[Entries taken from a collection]
────────────────────

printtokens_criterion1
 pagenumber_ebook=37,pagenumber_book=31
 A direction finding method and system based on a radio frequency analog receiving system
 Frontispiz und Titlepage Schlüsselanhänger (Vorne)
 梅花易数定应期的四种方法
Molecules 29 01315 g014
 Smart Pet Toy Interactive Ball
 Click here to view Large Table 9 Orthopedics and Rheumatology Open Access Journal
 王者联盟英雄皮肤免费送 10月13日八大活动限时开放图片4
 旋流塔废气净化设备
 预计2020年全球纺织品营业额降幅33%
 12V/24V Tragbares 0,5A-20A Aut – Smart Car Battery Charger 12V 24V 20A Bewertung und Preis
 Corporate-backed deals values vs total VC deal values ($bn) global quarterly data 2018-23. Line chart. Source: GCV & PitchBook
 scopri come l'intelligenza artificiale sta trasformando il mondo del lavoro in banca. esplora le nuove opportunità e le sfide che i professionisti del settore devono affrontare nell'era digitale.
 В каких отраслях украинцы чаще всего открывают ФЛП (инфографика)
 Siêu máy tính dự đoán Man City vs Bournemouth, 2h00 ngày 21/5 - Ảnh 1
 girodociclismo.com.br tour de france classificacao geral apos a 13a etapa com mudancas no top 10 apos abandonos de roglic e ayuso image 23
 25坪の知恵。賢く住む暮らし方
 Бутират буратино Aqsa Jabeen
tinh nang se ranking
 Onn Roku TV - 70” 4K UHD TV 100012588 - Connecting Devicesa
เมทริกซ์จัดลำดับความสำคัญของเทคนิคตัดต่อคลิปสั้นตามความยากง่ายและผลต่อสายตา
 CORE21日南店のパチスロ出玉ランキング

────────────────────

## EXERCISE DIRECTIONS
From the first line of the records above down to the line containing "scopri come l'intelligenza", repeat each line exactly as written. Include both of those lines and add nothing.

## SOLUTION FOR THIS EXERCISE
printtokens_criterion1
 pagenumber_ebook=37,pagenumber_book=31
 A direction finding method and system based on a radio frequency analog receiving system
 Frontispiz und Titlepage Schlüsselanhänger (Vorne)
 梅花易数定应期的四种方法
Molecules 29 01315 g014
 Smart Pet Toy Interactive Ball
 Click here to view Large Table 9 Orthopedics and Rheumatology Open Access Journal
 王者联盟英雄皮肤免费送 10月13日八大活动限时开放图片4
 旋流塔废气净化设备
 预计2020年全球纺织品营业额降幅33%
 12V/24V Tragbares 0,5A-20A Aut – Smart Car Battery Charger 12V 24V 20A Bewertung und Preis
 Corporate-backed deals values vs total VC deal values ($bn) global quarterly data 2018-23. Line chart. Source: GCV & PitchBook
 scopri come l'intelligenza artificiale sta trasformando il mondo del lavoro in banca. esplora le nuove opportunità e le sfide che i professionisti del settore devono affrontare nell'era digitale.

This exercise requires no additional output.